## What you will do
Transcribe, exactly and without pictures, the lines below from the line with "Image 2 : Illustrated" to the line with "LL.M एंट्रेंस एग्ज़ाम", both ends included, and no others.

Short web captions:
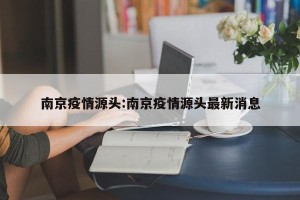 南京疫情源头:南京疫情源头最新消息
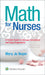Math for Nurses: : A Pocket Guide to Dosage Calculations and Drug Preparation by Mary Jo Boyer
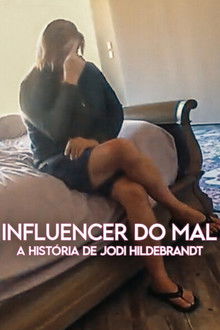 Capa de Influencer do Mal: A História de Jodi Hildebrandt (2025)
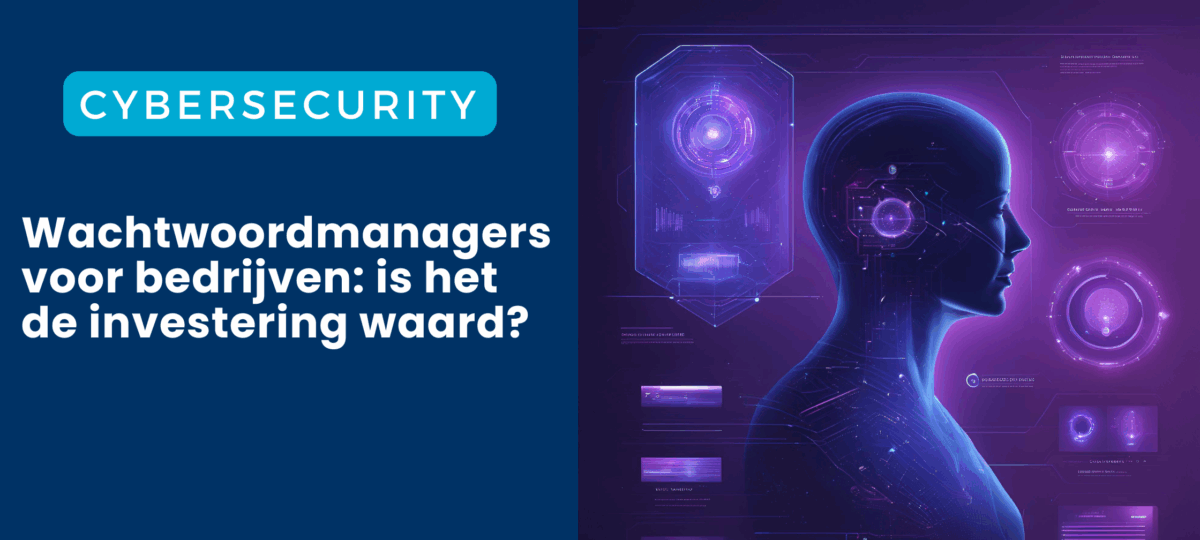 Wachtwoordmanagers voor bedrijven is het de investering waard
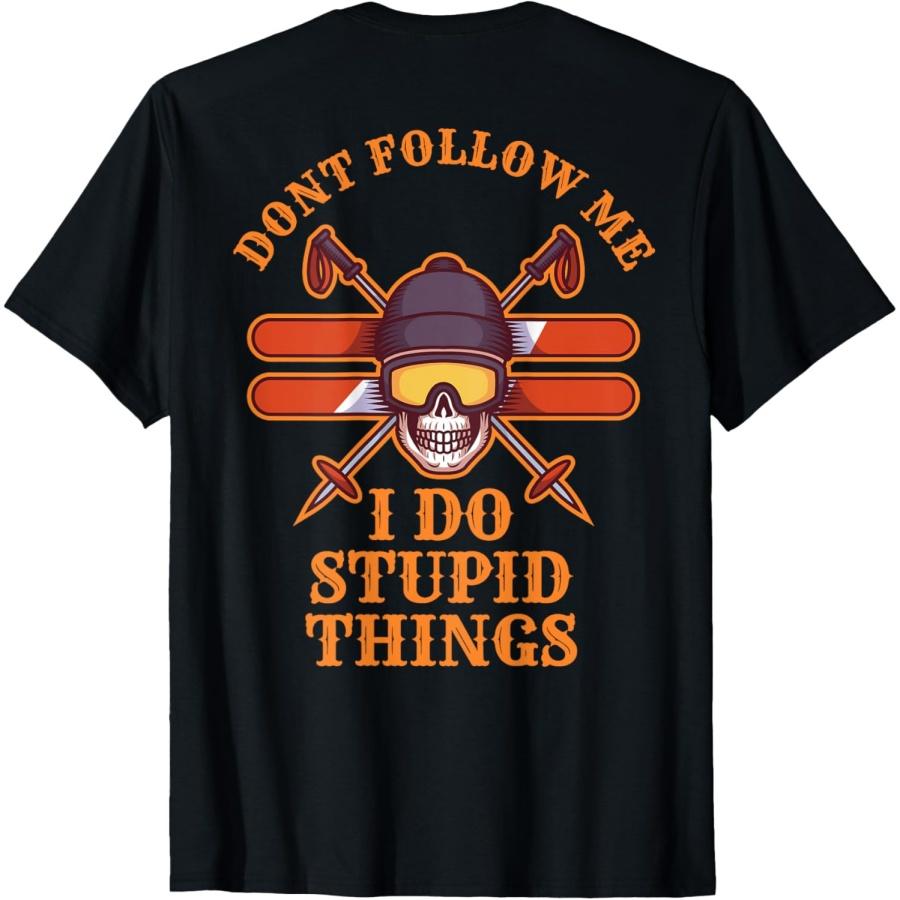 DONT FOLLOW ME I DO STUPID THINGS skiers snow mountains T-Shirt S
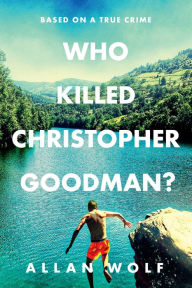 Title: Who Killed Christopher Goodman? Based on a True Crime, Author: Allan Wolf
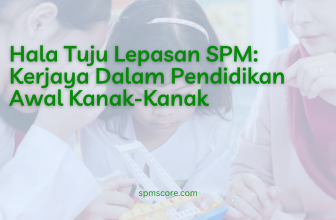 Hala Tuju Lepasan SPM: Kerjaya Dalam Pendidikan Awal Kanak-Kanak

--

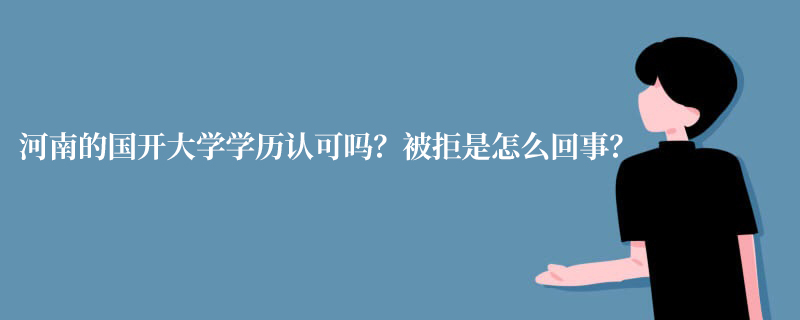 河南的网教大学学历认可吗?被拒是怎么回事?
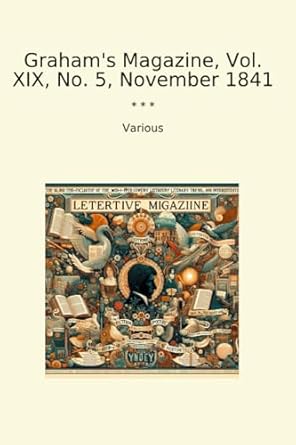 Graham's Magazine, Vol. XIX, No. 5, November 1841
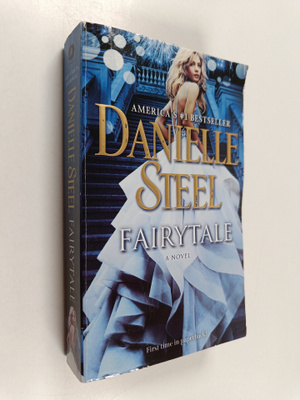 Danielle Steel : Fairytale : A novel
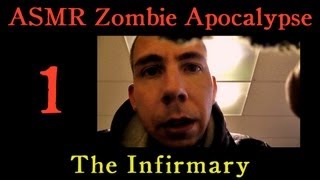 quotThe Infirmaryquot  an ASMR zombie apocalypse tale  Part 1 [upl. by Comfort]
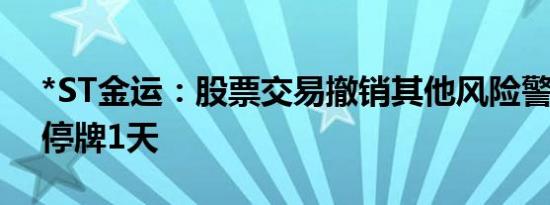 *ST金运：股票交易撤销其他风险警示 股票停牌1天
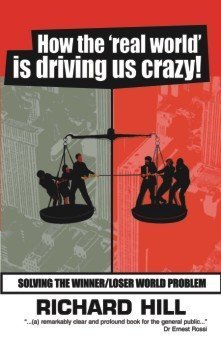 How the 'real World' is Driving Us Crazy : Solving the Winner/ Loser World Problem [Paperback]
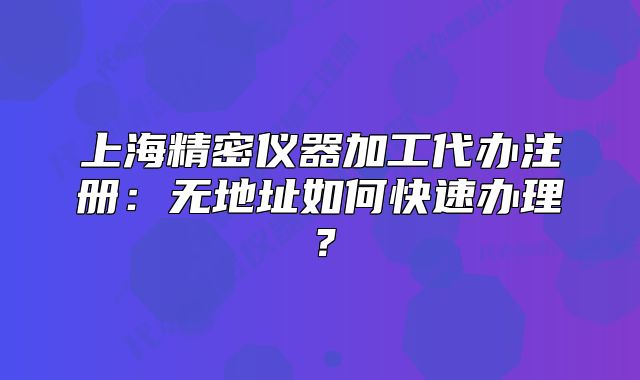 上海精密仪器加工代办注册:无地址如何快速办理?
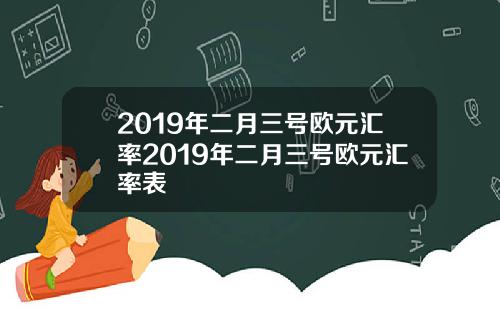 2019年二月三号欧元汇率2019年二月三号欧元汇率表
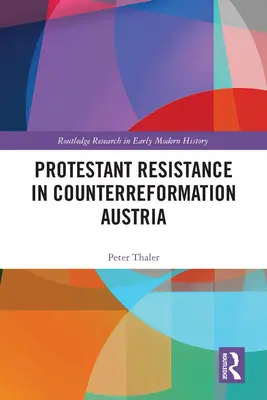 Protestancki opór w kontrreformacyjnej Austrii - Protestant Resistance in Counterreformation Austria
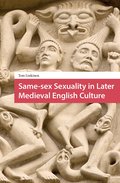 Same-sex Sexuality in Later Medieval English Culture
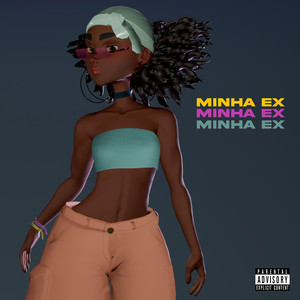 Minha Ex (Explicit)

* * *

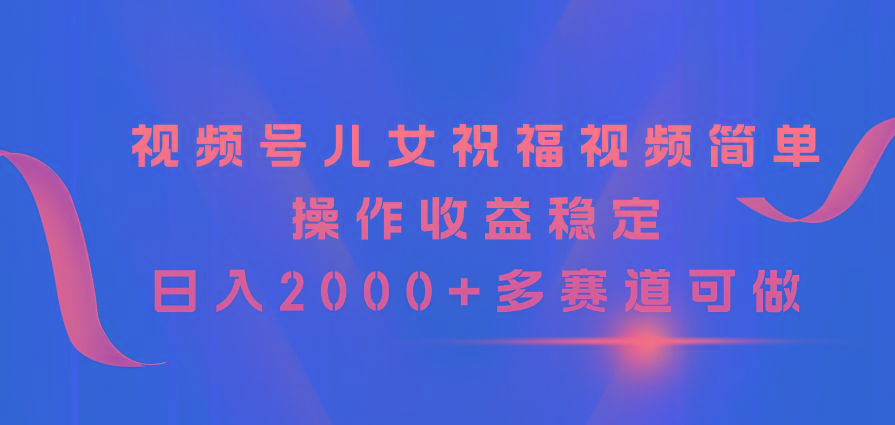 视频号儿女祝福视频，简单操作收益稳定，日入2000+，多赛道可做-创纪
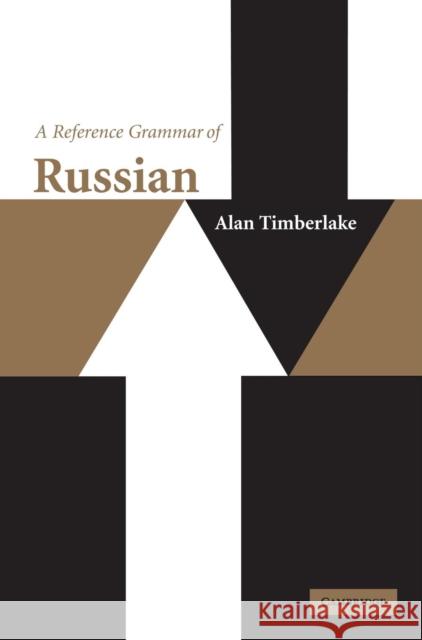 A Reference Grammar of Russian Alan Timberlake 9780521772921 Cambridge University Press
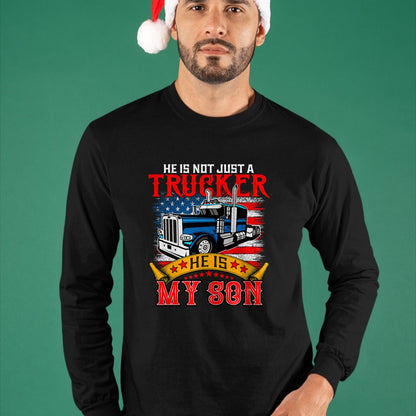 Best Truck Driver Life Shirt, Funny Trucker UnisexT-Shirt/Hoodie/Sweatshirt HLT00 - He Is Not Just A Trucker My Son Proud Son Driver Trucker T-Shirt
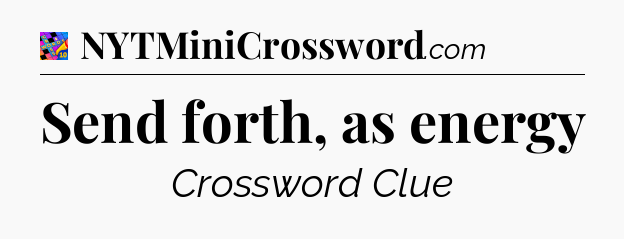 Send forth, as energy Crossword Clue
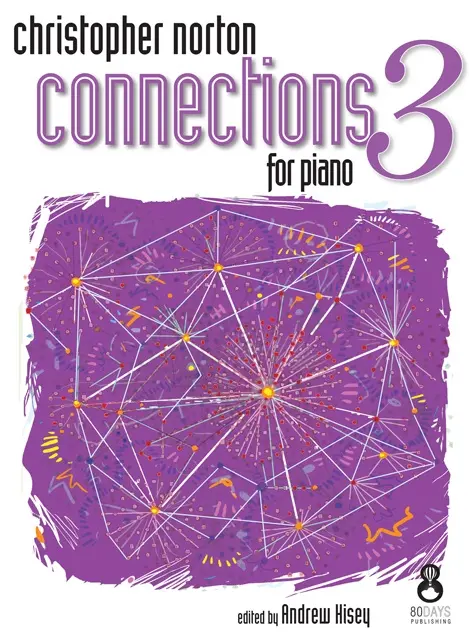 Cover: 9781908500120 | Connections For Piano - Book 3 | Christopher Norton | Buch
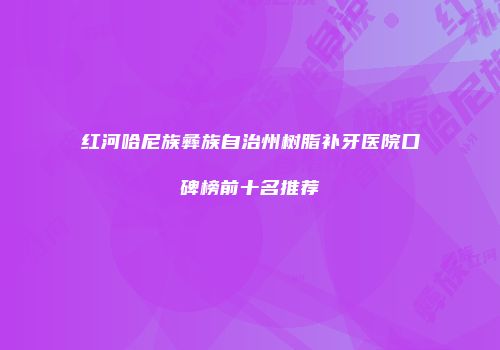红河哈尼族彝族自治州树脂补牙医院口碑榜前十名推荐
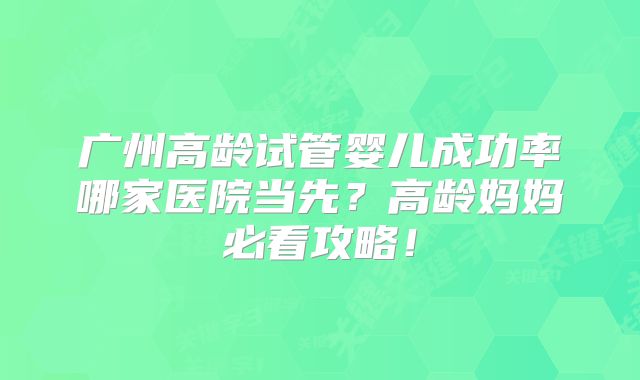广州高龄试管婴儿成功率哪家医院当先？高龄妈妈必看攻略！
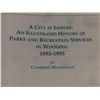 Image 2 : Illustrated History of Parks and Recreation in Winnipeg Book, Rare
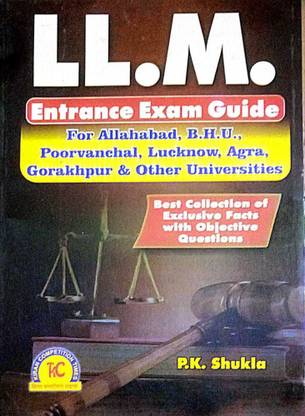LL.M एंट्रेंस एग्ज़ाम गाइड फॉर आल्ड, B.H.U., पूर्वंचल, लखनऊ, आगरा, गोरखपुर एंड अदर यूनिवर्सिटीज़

## Solution to this exercise
 Image 2 : Illustrated History of Parks and Recreation in Winnipeg Book, Rare
LL.M एंट्रेंस एग्ज़ाम गाइड फॉर आल्ड, B.H.U., पूर्वंचल, लखनऊ, आगरा, गोरखपुर एंड अदर यूनिवर्सिटीज़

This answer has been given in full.